Task requirements:
Every line of the listing below should be written out exactly, minus its pictures.

[[ Dataset content open ]]

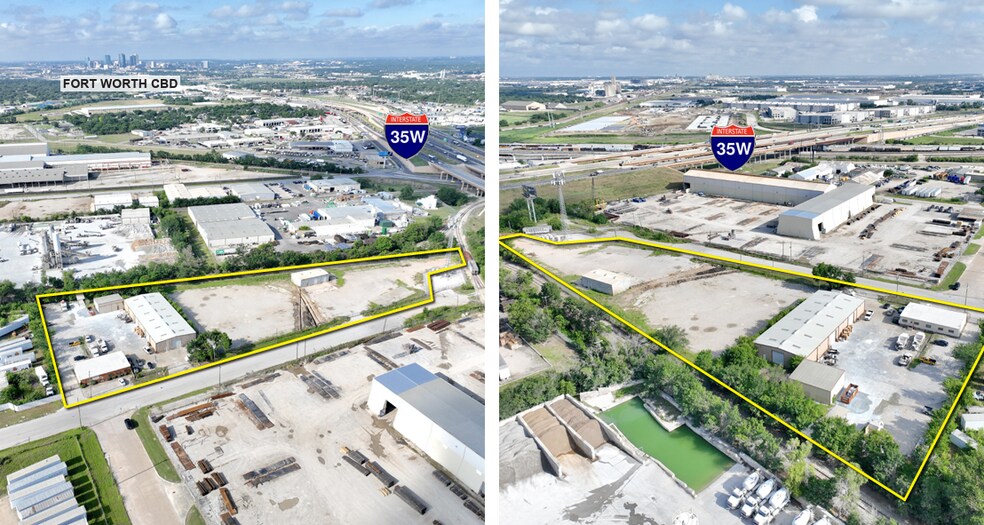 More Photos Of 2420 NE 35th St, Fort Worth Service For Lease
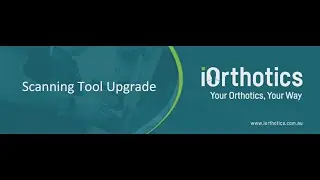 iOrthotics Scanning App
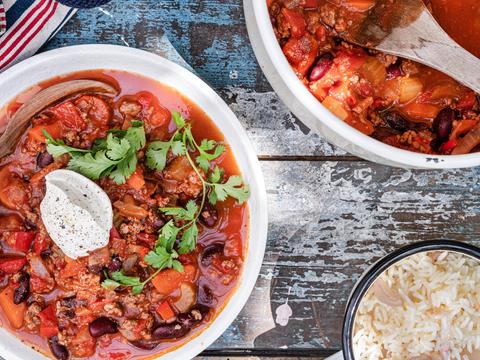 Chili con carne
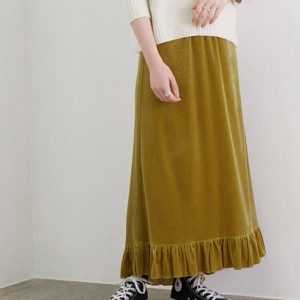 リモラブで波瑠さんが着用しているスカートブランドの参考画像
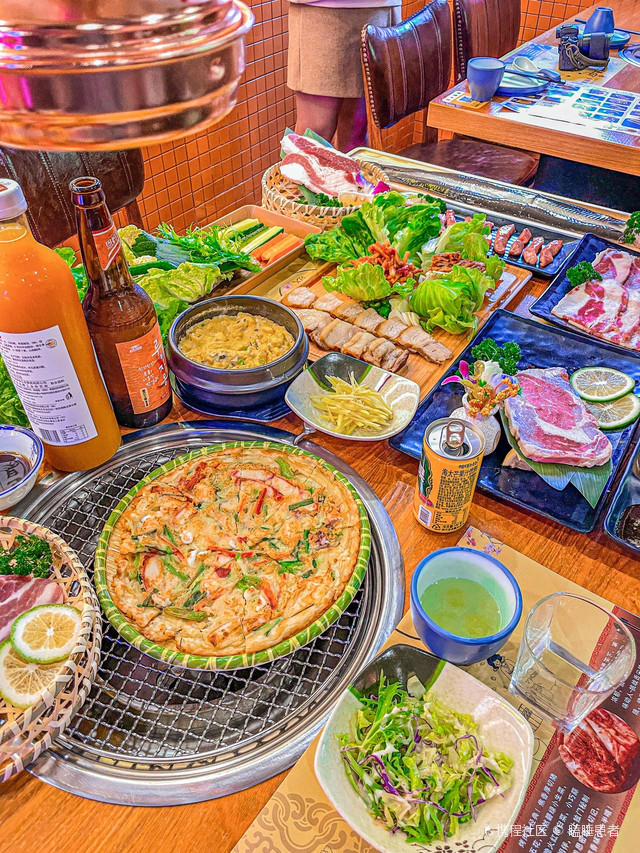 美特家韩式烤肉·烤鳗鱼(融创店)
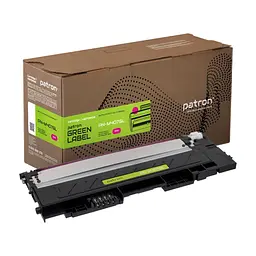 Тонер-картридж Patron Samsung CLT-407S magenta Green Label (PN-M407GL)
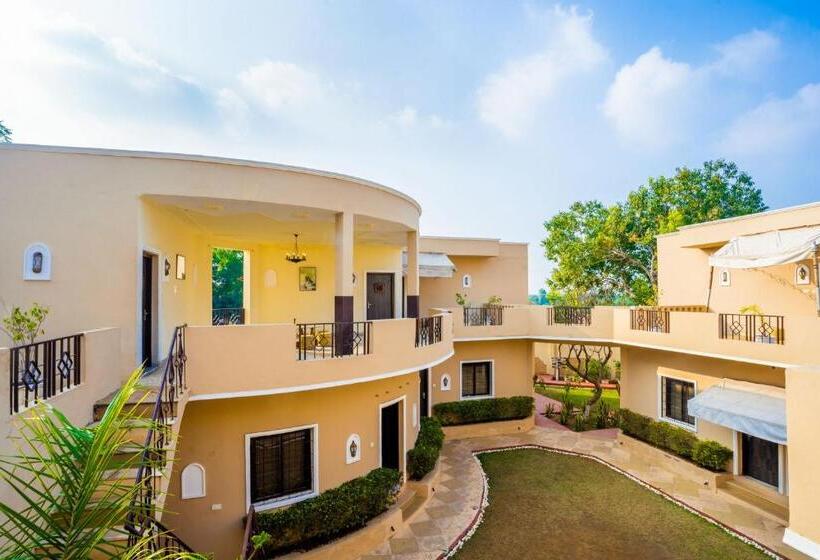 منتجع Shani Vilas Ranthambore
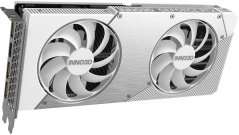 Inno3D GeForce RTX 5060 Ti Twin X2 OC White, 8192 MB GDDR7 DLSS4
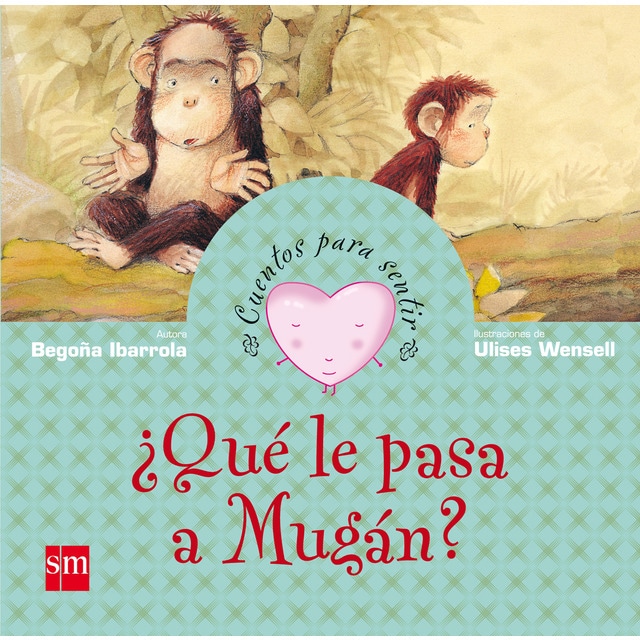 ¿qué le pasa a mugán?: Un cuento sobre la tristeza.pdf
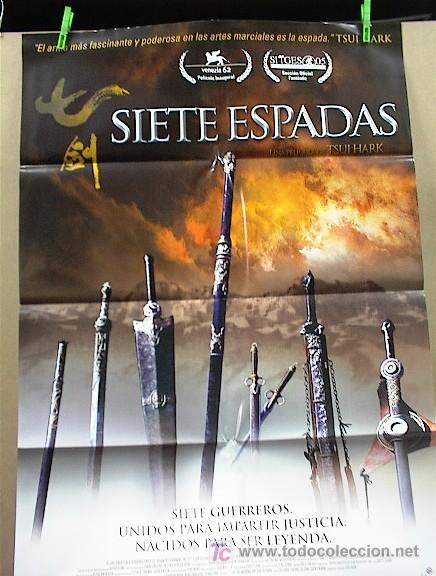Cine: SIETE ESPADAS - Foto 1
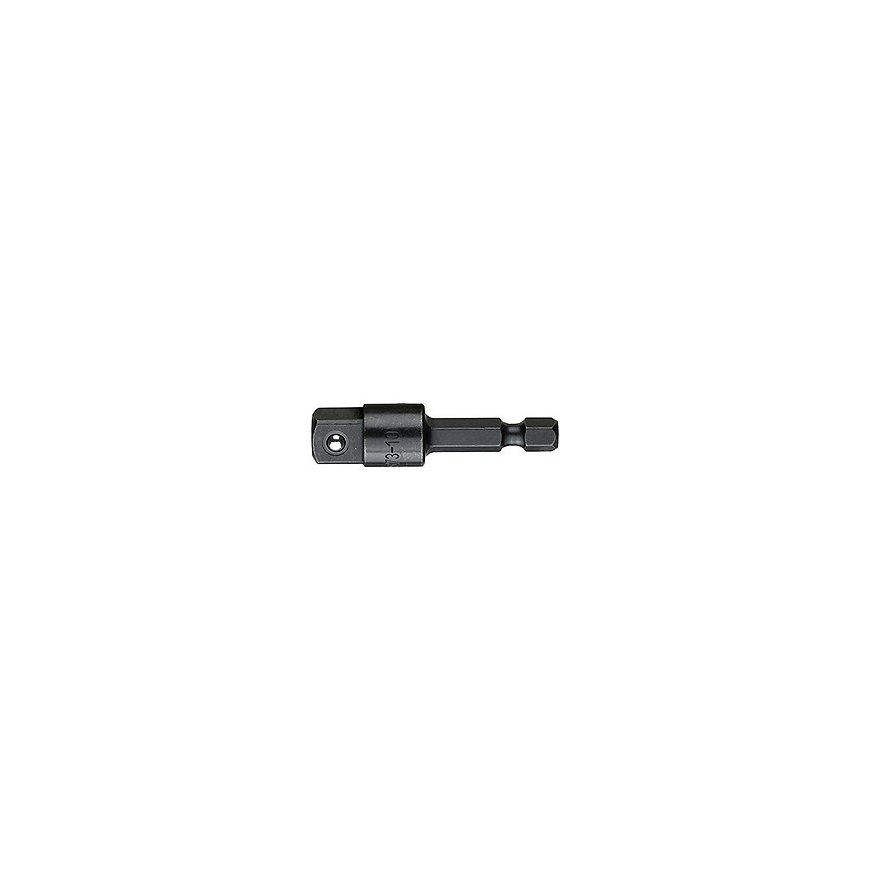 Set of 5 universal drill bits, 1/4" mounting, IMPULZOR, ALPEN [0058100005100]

[[ Dataset content closed ]]

Written response:
 More Photos Of 2420 NE 35th St, Fort Worth Service For Lease
 iOrthotics Scanning App
 Chili con carne
 リモラブで波瑠さんが着用しているスカートブランドの参考画像
 美特家韩式烤肉·烤鳗鱼(融创店)
 Тонер-картридж Patron Samsung CLT-407S magenta Green Label (PN-M407GL)
 منتجع Shani Vilas Ranthambore
 Inno3D GeForce RTX 5060 Ti Twin X2 OC White, 8192 MB GDDR7 DLSS4
 ¿qué le pasa a mugán?: Un cuento sobre la tristeza.pdf
Cine: SIETE ESPADAS - Foto 1
 Set of 5 universal drill bits, 1/4" mounting, IMPULZOR, ALPEN [0058100005100]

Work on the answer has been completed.